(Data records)
- - -
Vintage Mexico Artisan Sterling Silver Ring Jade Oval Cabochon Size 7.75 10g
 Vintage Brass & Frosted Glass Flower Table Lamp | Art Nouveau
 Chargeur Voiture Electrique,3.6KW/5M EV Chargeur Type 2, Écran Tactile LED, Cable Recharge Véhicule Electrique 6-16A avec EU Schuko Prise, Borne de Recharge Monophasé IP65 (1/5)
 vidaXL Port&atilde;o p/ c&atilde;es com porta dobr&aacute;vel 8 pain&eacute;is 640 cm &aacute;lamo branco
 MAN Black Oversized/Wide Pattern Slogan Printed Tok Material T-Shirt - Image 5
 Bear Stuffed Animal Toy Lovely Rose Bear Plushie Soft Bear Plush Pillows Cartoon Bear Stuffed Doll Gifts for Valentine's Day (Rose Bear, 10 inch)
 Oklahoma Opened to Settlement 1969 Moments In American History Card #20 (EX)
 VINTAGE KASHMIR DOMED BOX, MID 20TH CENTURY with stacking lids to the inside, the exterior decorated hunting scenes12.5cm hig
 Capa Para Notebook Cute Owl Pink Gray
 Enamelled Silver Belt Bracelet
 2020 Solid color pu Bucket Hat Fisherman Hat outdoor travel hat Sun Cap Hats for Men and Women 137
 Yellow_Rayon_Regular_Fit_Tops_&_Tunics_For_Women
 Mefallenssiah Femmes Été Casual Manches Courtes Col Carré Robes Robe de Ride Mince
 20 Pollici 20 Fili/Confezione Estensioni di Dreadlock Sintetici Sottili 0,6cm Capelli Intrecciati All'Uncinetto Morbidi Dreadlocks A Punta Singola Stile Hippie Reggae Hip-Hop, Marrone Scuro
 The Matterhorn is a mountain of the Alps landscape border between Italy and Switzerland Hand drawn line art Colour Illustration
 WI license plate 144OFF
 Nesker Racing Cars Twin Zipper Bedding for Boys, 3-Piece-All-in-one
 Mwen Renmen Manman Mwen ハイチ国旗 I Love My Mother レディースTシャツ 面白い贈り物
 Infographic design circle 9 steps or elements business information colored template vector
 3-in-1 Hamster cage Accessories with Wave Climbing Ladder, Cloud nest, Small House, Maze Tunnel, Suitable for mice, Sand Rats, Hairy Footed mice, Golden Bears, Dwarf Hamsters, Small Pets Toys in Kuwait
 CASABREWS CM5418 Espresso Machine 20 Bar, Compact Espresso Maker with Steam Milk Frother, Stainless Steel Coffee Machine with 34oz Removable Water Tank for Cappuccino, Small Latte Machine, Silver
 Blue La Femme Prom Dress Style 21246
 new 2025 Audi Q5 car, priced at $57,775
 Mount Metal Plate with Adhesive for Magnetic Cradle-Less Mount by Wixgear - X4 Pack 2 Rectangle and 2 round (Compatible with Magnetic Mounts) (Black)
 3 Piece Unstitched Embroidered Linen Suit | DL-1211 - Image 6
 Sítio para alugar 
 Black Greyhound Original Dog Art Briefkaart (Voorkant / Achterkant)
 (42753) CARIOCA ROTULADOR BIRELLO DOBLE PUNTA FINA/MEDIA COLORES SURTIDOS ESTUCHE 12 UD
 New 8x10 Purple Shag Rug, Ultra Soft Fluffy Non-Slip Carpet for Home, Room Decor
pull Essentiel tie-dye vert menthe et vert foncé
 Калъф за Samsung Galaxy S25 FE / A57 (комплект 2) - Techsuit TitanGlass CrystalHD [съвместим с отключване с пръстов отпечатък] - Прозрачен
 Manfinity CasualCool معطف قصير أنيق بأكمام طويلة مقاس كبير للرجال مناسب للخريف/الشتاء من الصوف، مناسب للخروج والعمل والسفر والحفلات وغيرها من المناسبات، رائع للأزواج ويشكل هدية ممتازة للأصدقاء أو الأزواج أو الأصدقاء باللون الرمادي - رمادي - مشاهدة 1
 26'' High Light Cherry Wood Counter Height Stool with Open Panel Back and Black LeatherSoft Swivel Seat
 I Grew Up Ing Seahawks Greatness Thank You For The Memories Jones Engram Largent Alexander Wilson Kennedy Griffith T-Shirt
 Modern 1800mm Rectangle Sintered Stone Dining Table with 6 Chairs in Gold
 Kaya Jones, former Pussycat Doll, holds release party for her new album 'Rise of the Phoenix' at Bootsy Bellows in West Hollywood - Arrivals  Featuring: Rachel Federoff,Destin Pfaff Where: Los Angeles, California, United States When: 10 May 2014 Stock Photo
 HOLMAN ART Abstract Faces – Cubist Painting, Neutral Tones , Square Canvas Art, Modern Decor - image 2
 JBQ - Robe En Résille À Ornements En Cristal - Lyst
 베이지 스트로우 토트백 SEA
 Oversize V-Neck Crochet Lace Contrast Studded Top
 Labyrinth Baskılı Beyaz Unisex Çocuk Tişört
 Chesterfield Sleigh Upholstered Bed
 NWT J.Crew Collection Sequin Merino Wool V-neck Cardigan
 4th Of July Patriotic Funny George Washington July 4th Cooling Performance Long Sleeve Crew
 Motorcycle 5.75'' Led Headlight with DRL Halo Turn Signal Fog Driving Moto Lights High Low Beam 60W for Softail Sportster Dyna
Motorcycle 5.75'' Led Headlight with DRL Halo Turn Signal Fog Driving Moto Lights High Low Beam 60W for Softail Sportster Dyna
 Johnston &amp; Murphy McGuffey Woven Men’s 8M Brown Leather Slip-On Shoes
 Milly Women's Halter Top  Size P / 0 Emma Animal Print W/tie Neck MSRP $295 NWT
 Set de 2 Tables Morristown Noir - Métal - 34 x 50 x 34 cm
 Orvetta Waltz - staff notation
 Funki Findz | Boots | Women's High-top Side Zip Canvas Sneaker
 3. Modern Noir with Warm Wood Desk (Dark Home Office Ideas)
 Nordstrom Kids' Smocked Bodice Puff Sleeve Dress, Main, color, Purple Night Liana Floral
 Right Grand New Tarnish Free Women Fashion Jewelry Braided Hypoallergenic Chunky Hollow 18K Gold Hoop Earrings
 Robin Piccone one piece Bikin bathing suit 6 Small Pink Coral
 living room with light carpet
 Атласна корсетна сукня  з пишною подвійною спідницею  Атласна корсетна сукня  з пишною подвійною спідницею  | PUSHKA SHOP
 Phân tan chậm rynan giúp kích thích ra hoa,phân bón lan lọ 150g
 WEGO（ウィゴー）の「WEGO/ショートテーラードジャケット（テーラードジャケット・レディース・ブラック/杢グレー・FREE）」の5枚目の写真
- - -
Your answer should be the lines above from the one containing "Mount Metal Plate" through the one containing "Sítio para alugar", copied exactly and with both ends kept.

 Mount Metal Plate with Adhesive for Magnetic Cradle-Less Mount by Wixgear - X4 Pack 2 Rectangle and 2 round (Compatible with Magnetic Mounts) (Black)
 3 Piece Unstitched Embroidered Linen Suit | DL-1211 - Image 6
 Sítio para alugar 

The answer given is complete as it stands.